Caravan of Illusion features music, clowning, ‘street performance’ aesthetic
A taste of Brazilian circus-theatre is coming to the University of Ottawa with a lively production of Caravan of Illusion, set to open Tuesday, March 20.
The Brazilian play, written in the early 1980s when Brazil was under a military dictatorship, follows three itinerant artists and circus performers, a mute musician, and a traveller woman. The three circus performers are brothers with a lifetime of circus experience behind them, but with the death of their father, they are forced to find their own path in life.
“It’s the story of three artists that are brothers, plus a musician that walks with them,” said Ludmylla Mar Dos Reis, a master’s of fine arts student in the theatre department, and the director of the play. “They are travelling artists, and they see a forked path, but this time the have no leader so they have to decide which way to go. This then gives a voice to what they want in life … the tradition that their family has been carrying for a long time starts to be questioned.”
The play was popular in Brazil as a subtle critique of the ruling dictatorship, but the questions it asked about the role of art in that oppressive society were left behind when the dictatorship fell. People wanted to put those days behind them and create a new culture, explained Mar Dos Reis.

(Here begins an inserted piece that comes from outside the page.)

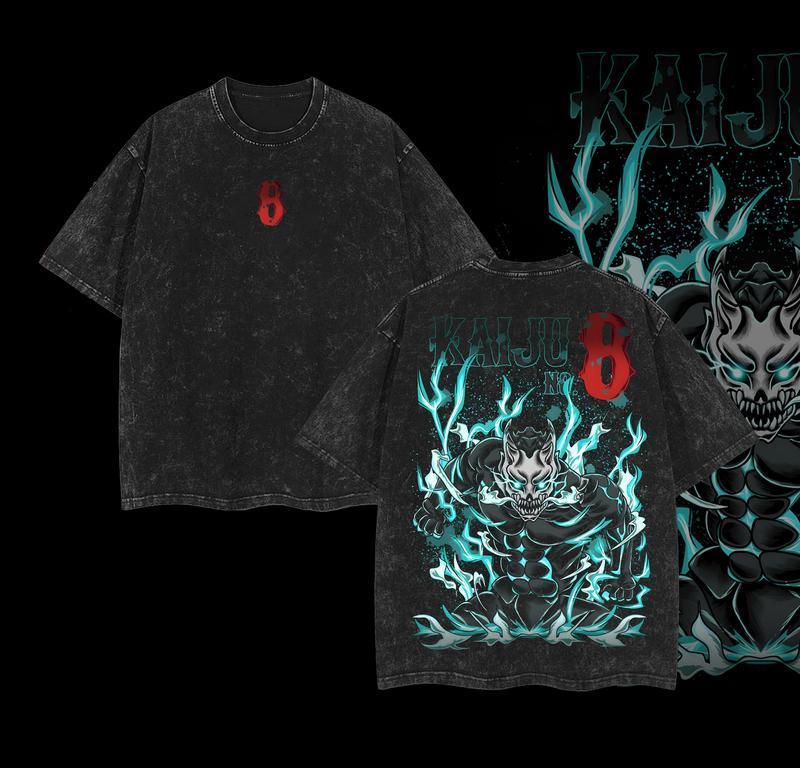 Kurodrip "Kafka Hibino" Kaiju No. 8 Vintage Washed Oversized T-Shirt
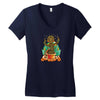 groovy groot Women's V-Neck T-Shirt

“The themes that we see throughout the show are: what is an artist, what does it mean to live an artistic life, do we value art,” said Mar Dos Reis.

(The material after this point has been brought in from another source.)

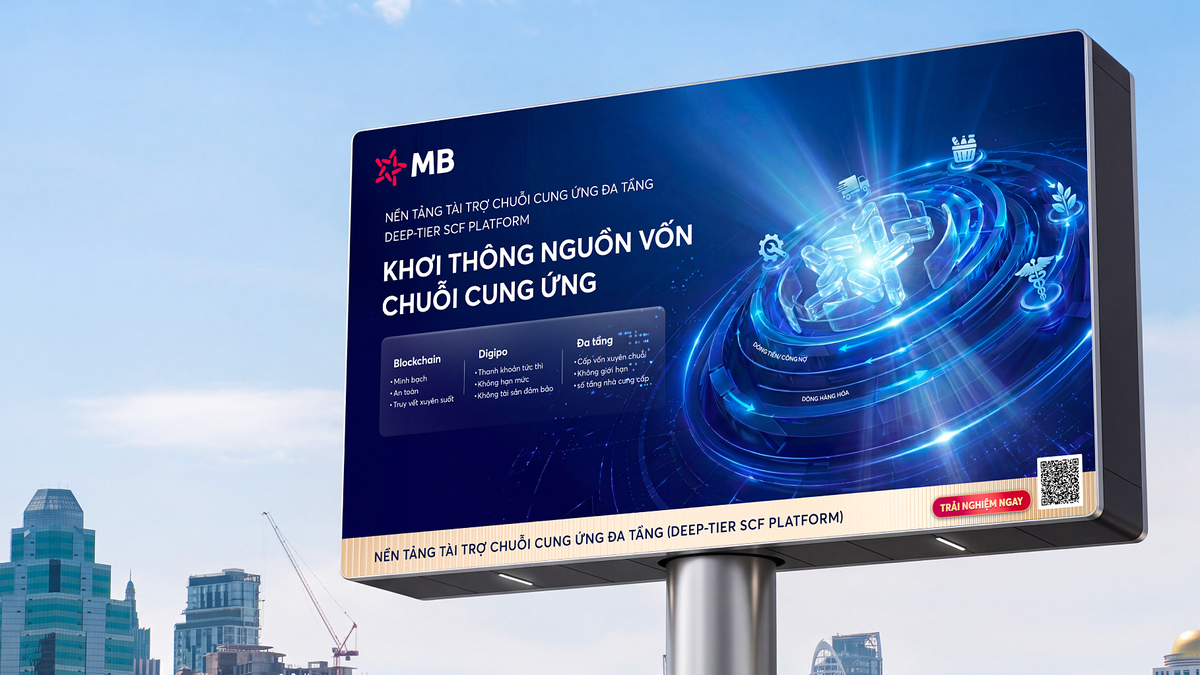 MB triển khai nền tảng tài trợ chuỗi cung ứng đa tầng cho doanh nghiệp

But those themes are fitting in Canada, particularly in Ottawa where institutions like the National Arts Centre, Canada Council, and the federal government must make decisions about art funding all the time, Mar Dos Reis said. It’s also fitting in university, as STEM careers are routinely touted over the arts.
“This questioning of art and artists matters a lot at school,” she said. “I’ve done my BA in acting before, the master’s, and those questions actually keep popping up.”

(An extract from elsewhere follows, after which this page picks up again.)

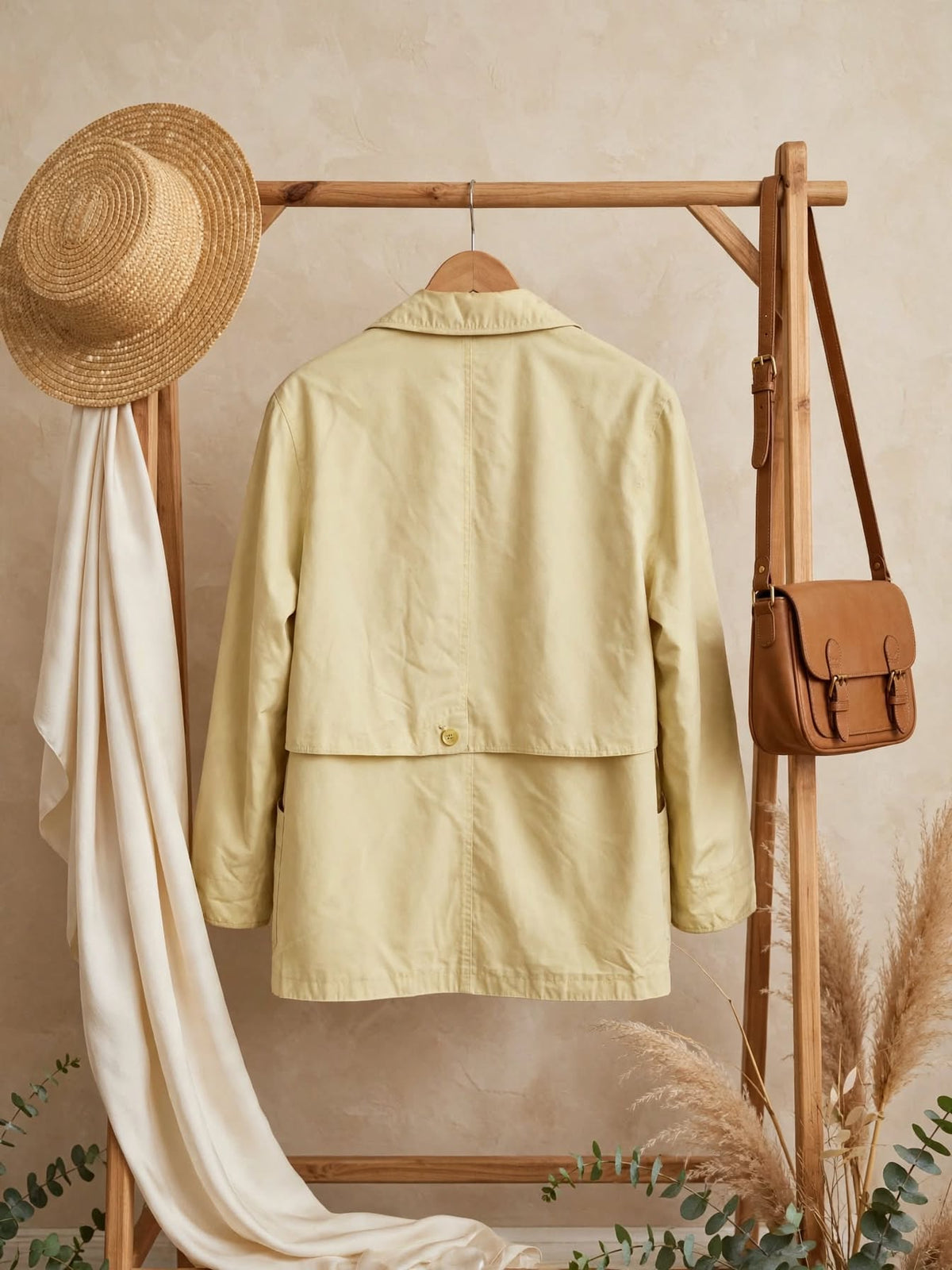 Fashion Club Light Beige Utility Jacket - Size 14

The play persisted as a popular street performance after it fell out of favour in large theatres, and that street performance element bleeds into this stage production.
“The aesthetics of the street where you kind of get everything together is something that we brought (into the play),” said Mar Dos Reis. For instance, the actors play a homemade tambourine and cigar-box guitar instead of store-bought instruments.
“The simplicity and the assembly and the size, we borrowed from (the street).”The play strikes a balance between quiet and loud, tender and funny—all the things, Mar Dos Reis said, that a skilled artist needs to be able to do.
Mar Dos Reis, who trained in Brazil, initially found the English-Canadian theatre process jarring. She wanted to be collaborative whereas her Canadian actors expected her to come in knowing exactly what she wanted. Eventually, she struck a balance.
“Yes, I prepare everything, but I always find time to collaborate with my actors,” said Mar Dos Reis. “Their creativity gets sparked, and then I see what they bring together as a group … and then I start negotiating.”
“My favourite thing about directing was to be able to assemble all of our ideas together and then find my way to get a vision from everyone’s voice.”
Caravan of Illusion runs March 20–24 at 2 Daly Ave at 8 p.m. Tickets are $5 for students and can be bought at the door or on Eventbrite.